▶ **Exercise prompt**
Output the listing word for word, minus images.

▶ **Exercise data**
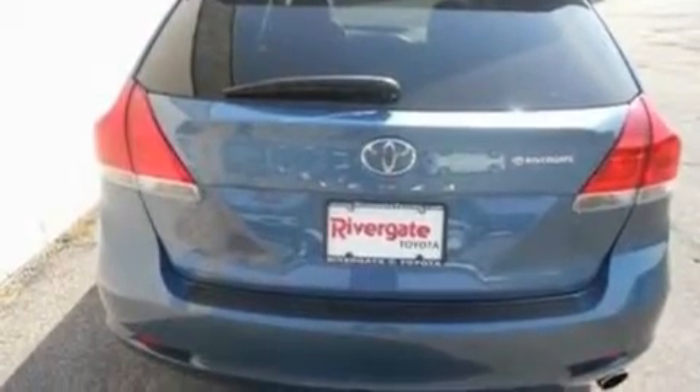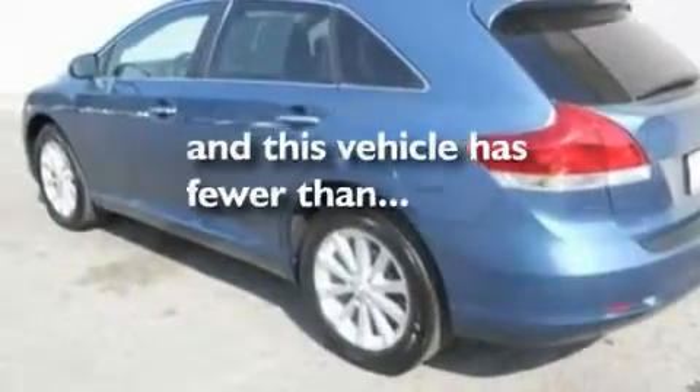Additional features include front fog lights, a low tire pressure indicator, an external temperature display, and this vehicle has fewer than 22,000 miles on the odometer.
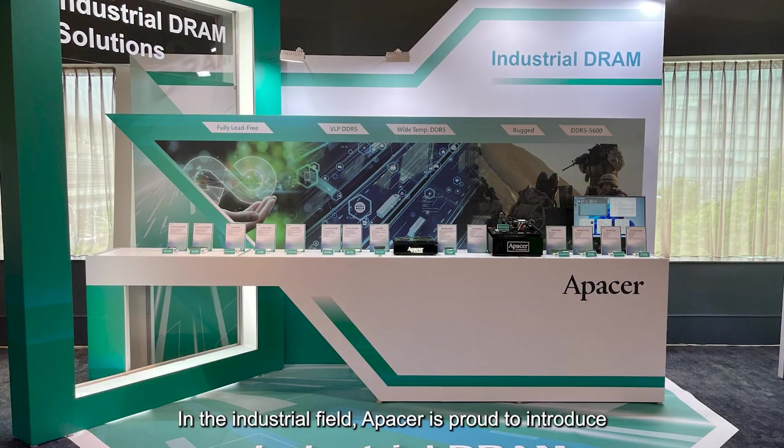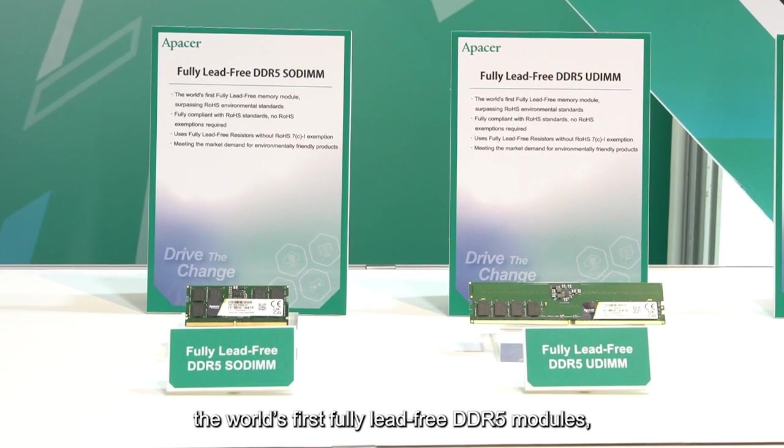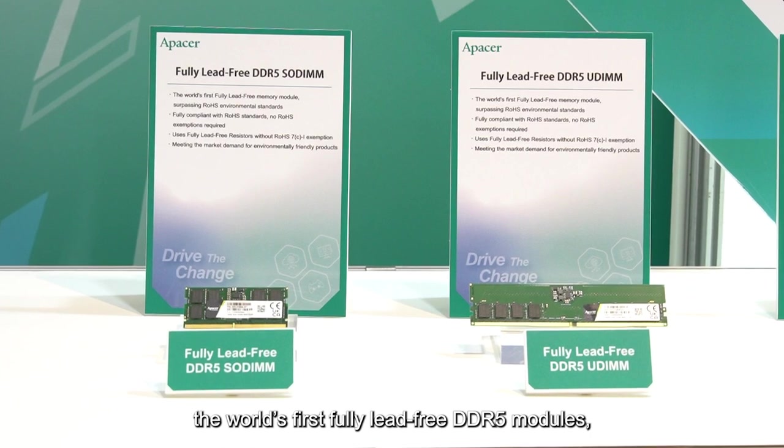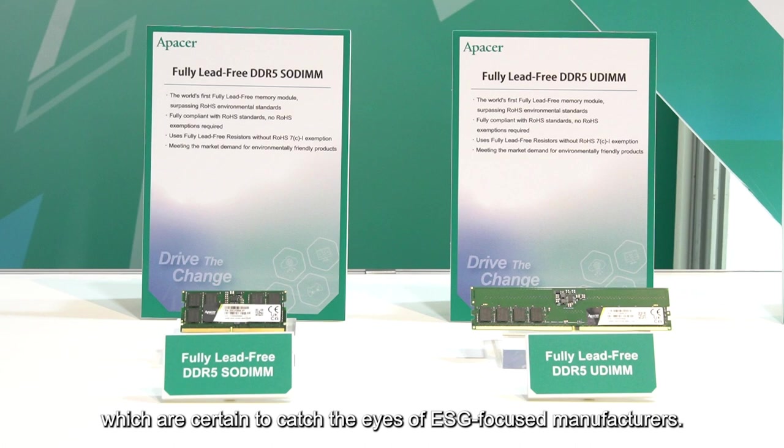In the industrial field, APACER is proud to introduce the world's first fully lead-free DDR5 modules, which are certain to catch the eyes of ESG-focused manufacturers.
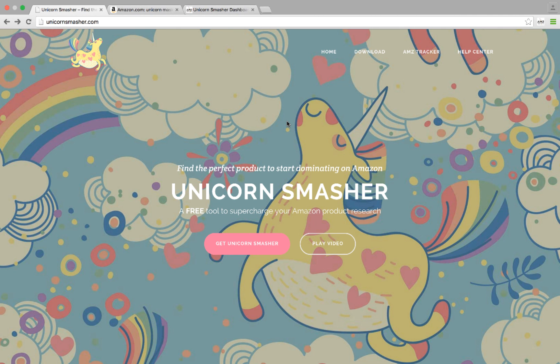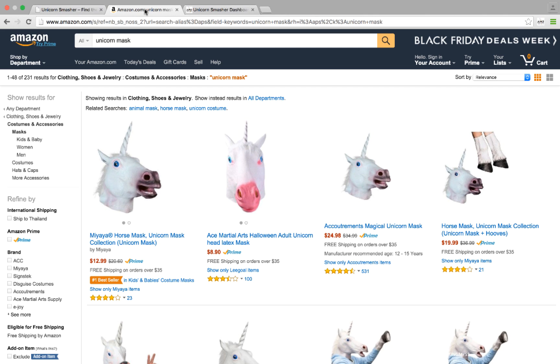Amazon product research can be the absolute pits, but Unicorn Smasher takes away the guesswork. Remember that time you spent days creating that one giant spreadsheet? What if you had all that data in one click?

▶ **Output**
Additional features include front fog lights, a low tire pressure indicator, an external temperature display, and this vehicle has fewer than 22,000 miles on the odometer.
In the industrial field, APACER is proud to introduce the world's first fully lead-free DDR5 modules, which are certain to catch the eyes of ESG-focused manufacturers.
Amazon product research can be the absolute pits, but Unicorn Smasher takes away the guesswork. Remember that time you spent days creating that one giant spreadsheet? What if you had all that data in one click?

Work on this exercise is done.